É este vinho produzido em talhas de barro que nos conduz numa viagem iniciada, há mais de dois mil anos, durante a passagem dos romanos pela Península Ibérica. E a primeira paragem deste roteiro faz-se precisamente a 30 quilómetros do Redondo, no Monte da Ribeira, em Reguengos de Monsaraz, herdade onde a vindima foi realizada nas últimas semanas de agosto. O trabalho prosseguiu, depois, na Adega José de Sousa, ali perto. No portefólio da marca existem duas referências: José de Sousa (três tintos) e os novíssimos Puro Talha (um branco e um tinto), ambos estão a chegar às prateleiras de alguns supermercados.

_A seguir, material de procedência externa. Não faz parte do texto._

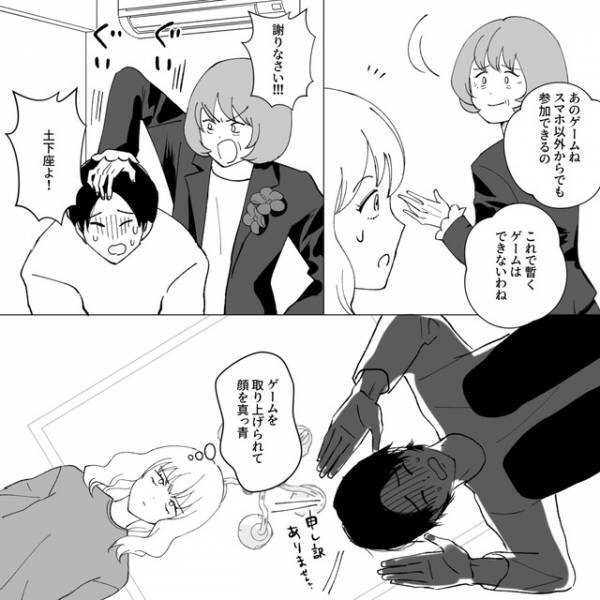 【浮気が義母にバレた夫】義母は元凶の『夫のゲーム機』をフライパンで破壊！？⇒「いいお義母さん」「スカっとした！」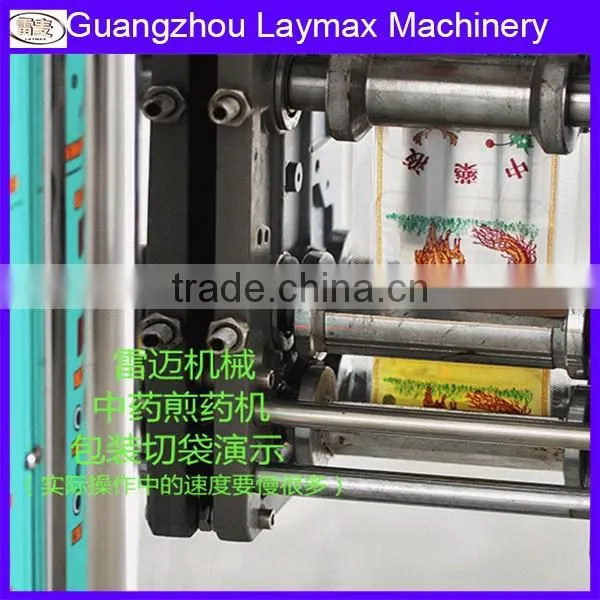 BAB Series Integrated Decocting And Packaging Machine Herbal Decocting Machine photo-3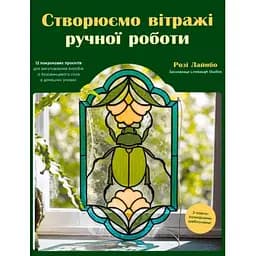 Создаем витражи ручной работы - Лайнбо Рози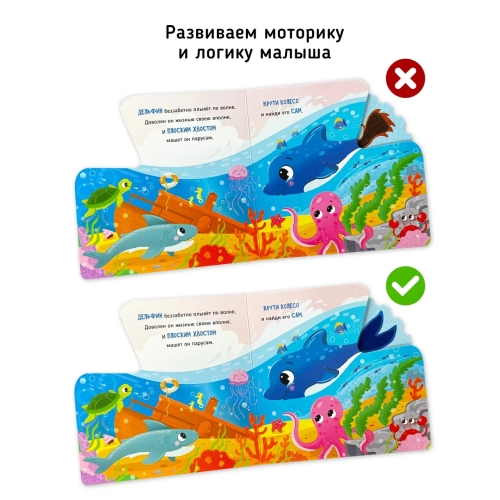 Чей Хвостик? Тактильная Книжка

Apesar de não se terem deixado de produzir, principalmente no Alentejo, onde a tradição sempre se manteve, os vinhos de talha só agora estão a tornar-se mais visíveis, na medida em que existem cada vez mais produtores interessados na sua produção e comercialização. “Ainda é um produto para um nicho de mercado”, nota Domingos Soares Franco, enólogo e vice- -presidente da José Maria da Fonseca, empresa que se dedica à produção de vinhos de talha desde 1986, ano em que adquiriu a Adega José de Sousa, em Reguengos de Monsaraz. Da antiga adega alentejana, a José Maria da Fonseca “herdou” 20 talhas, chegando o espólio atual aos 114 exemplares. A talha mais antiga é de 1880 e apenas 30/40 estão cheias com vinho.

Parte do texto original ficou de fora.